In formula, | Ar | it is the number of non-domination solution；M is the number of objective function；μ_i ^kIt is non-domination solution in i-th of target letter Several satisfactions, membership function are as follows:

The maximum and minimum value of respectively i-th objective function, F_i(X_k) it is non-domination solution X_kIn i-th of mesh The value of scalar functions.

(3-4) algorithm executes step: being based on step (3-1) to (3-3), the improvement multiple target towards unmanned aerial vehicle flight path planning Steps are as follows for the execution of backbone particle swarm optimization algorithm:

Algorithm relevant parameter, the scale Ns including population, the number of nodes Nt of population, external storage is arranged in (3-4-1) The capacity integrated is Na, the number of iterations Ts.

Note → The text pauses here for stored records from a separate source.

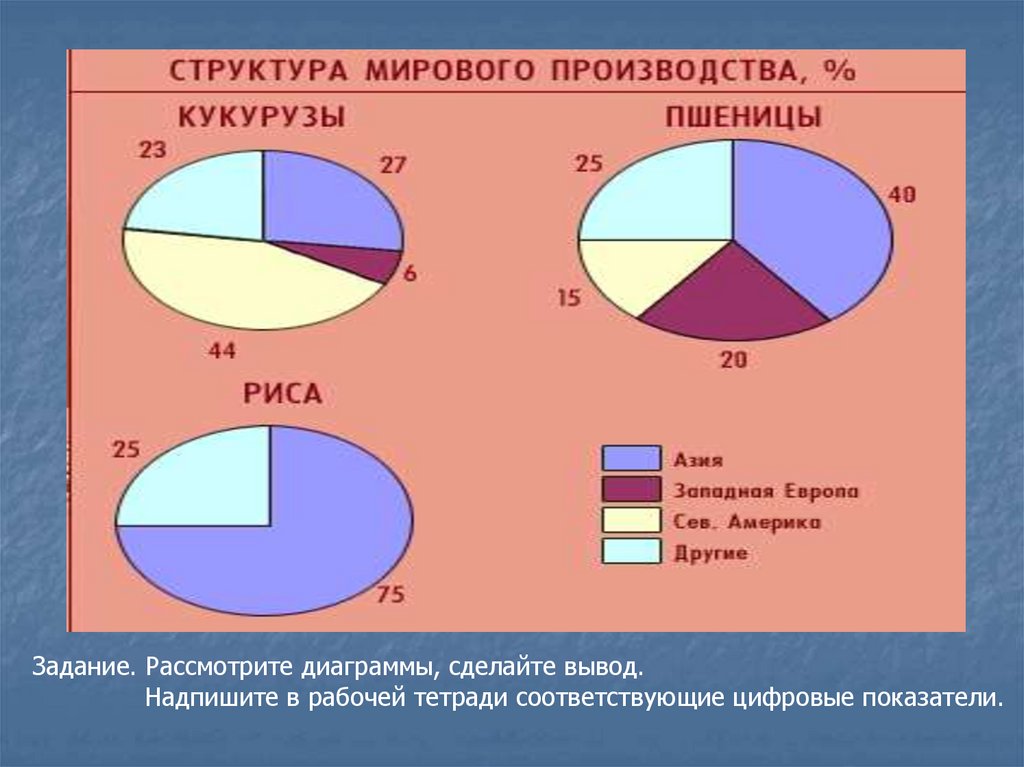 Круговая диаграмма доли. Структура мирового производства пшеницы. Мировое производство пшеницы диаграмма. Сельское хозяйство России диаграмма. Диаграмма мирового хозяйства.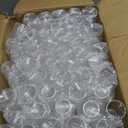 100 Pack PET Sealing Cups For Manual Can Sealer, 8.5oz With Aluminum Lids, Pull tab can lid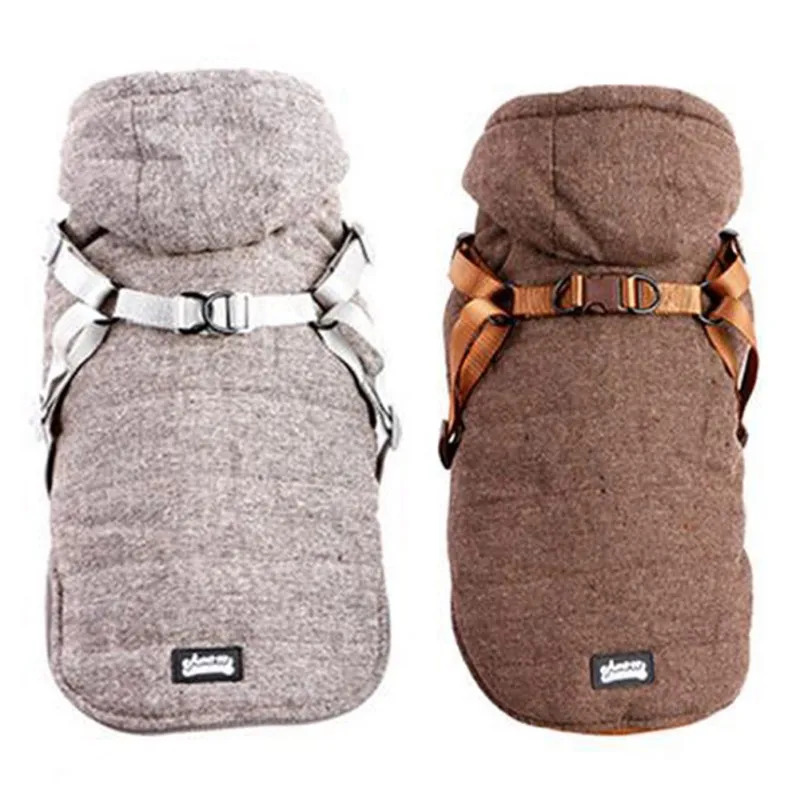 

Dog Coat Jacket for Small Dogs Autumn Winter Puppy Pet Dog Hooded Clothes for Chihuahua Small Large Dogs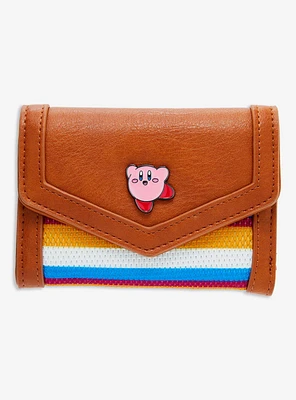 Nintendo Kirby Striped Small Wallet - BoxLunch Exclusive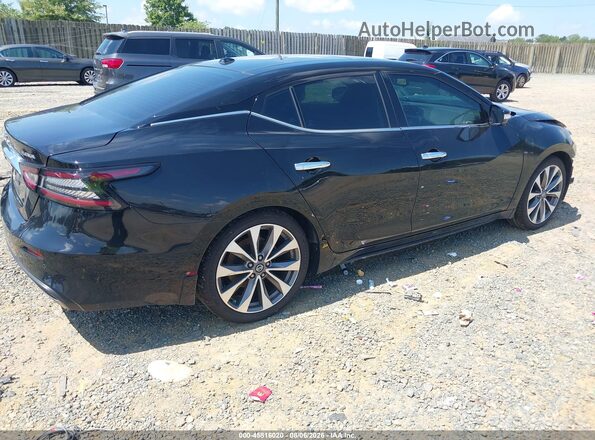1N4AA6FV5LC381411 2020 NISSAN MAXIMA Черный Задняя правая четверть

(3-4-2) encodes the particle in population, the position of each particle in random initializtion population, setting The individual extreme point Pbest of each particle is the initial position of the particle.

(3-4-3) evaluates the target function value of each particle, i.e. step (2-1) the track length cost, step (2-2) The threat cost and step (2-3) the concealment cost return to the non-domination solution in population, non-domination solution are saved in In external storage set, and assignment is carried out to the global extreme point Gbest of particle.

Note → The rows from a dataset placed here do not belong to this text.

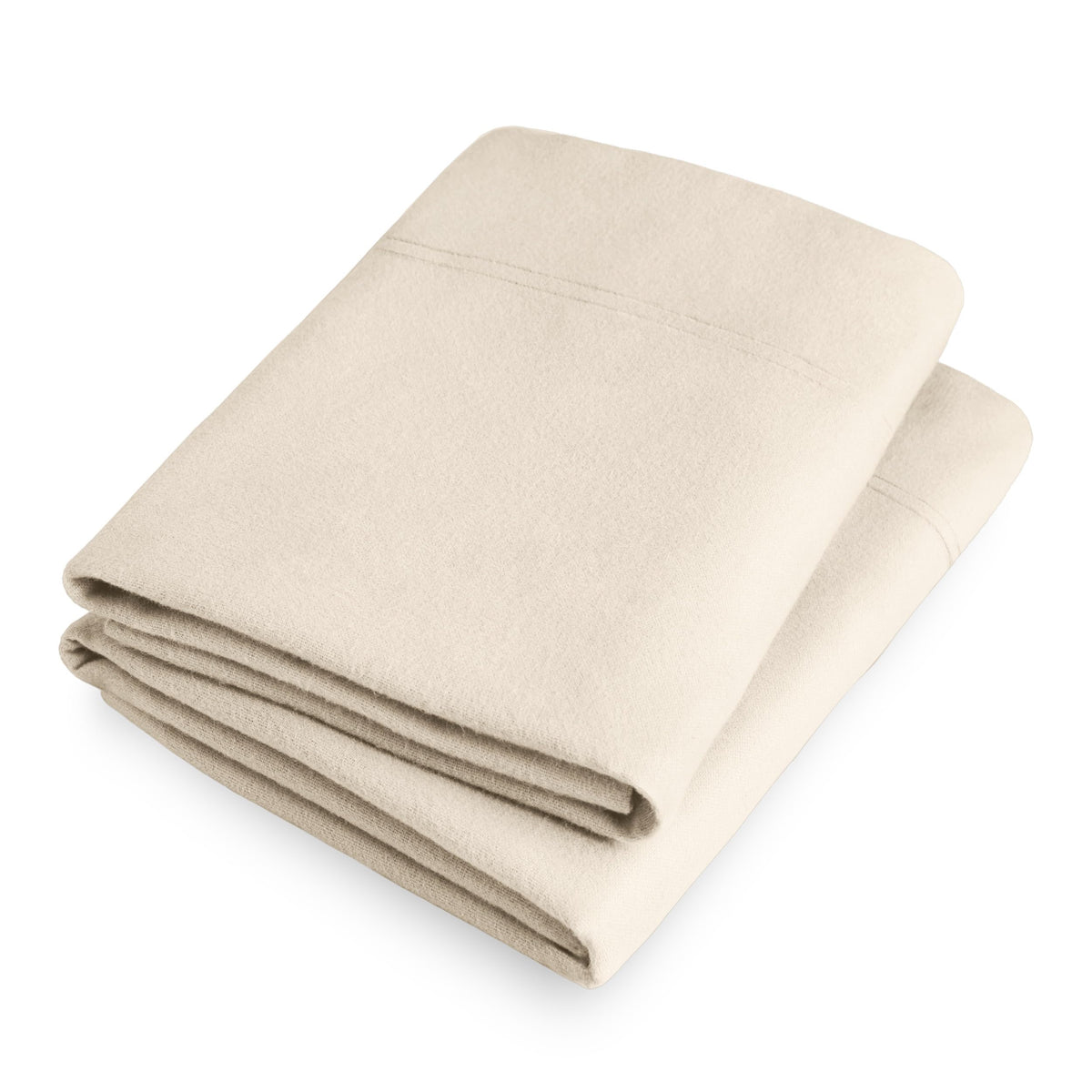 Bare Home flannel king pillowcase sand packaging, compact set ready for gifting or storage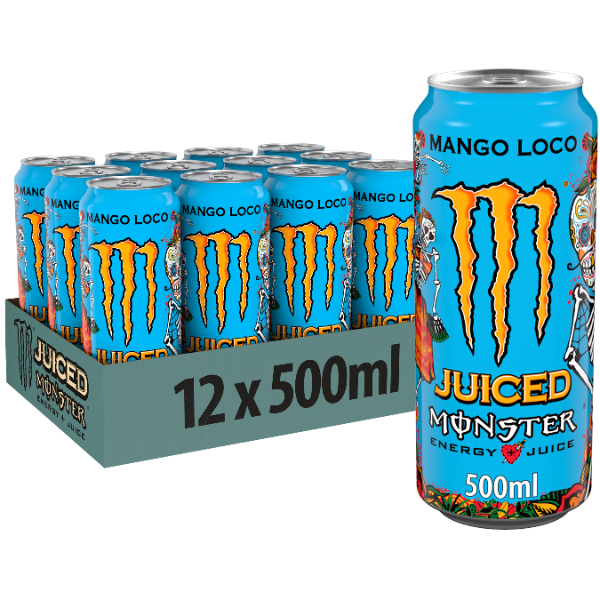 MONSTER ENERGY MANGO BLIK RET 12X50CL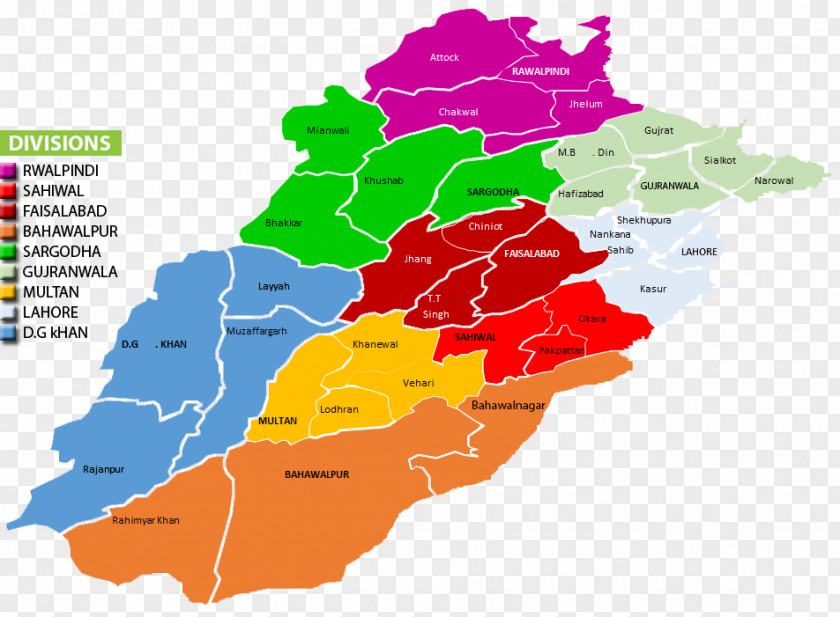 Punjab Gujranwala Faisalabad Lahore PMIU-PERSP Districts Of PNG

The Gaussian Profile of (3-4-4) based on Pbest and Gbest carries out location updating to particle, judges that the particle updated is raw Whether the track section track of production passes through massif, if passed through, regenerates new position, until the corresponding boat of produced particle Mark no longer passes through massif.

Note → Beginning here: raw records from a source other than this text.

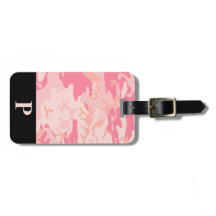 Camuflagem Monograma Rosa e Pêssego Preto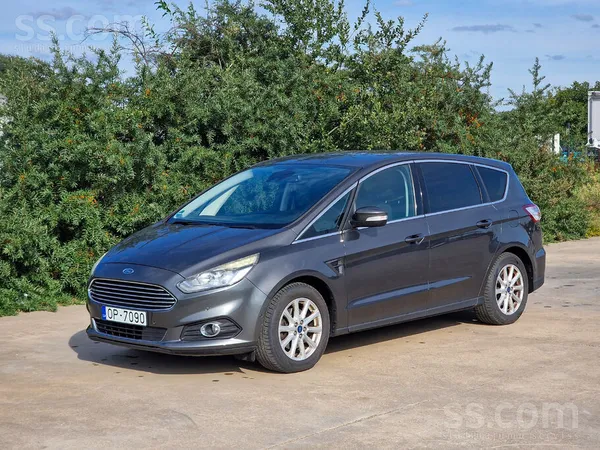 Ford 2017. gada Ford S-Max ar 1.5 118kW benzīna dzinēju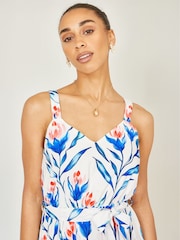 Yumi Cream Floral Print Maxi Sun Dress - Image 5 of 5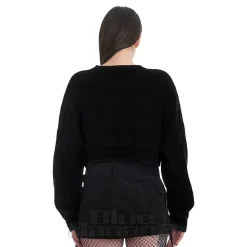 Banned Naenia Cropped Cardigan (Black)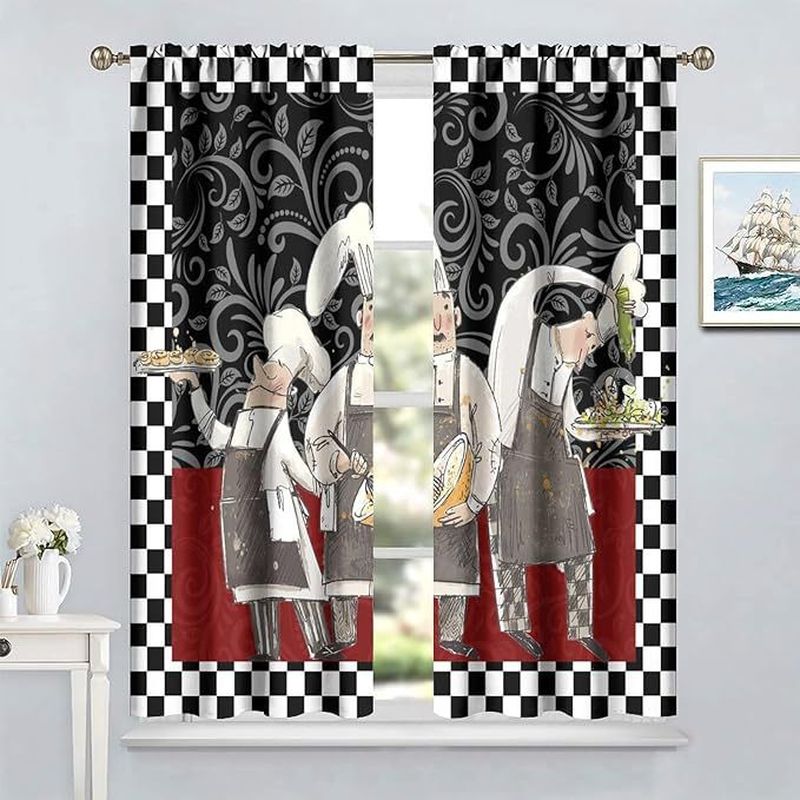 Cortinas Curtas de Cozinha VIK - Home Cooking Youtube avaliação e preço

(3-4-5) evaluates the target function value of each particle, i.e. step (2-1) the track length cost, step (2-2) The threat cost and step (2-3) the concealment cost carry out more individual extreme point Pbest by dominance relation Newly.

(3-4-6) carries out the previous generation non-domination solution of the new population non-domination solution generated and external storage concentration Pareto compares, and is updated to external storage collection.Judge whether external storage collection is greater than the capacity Na of external storage collection, if It is then to be cut to population.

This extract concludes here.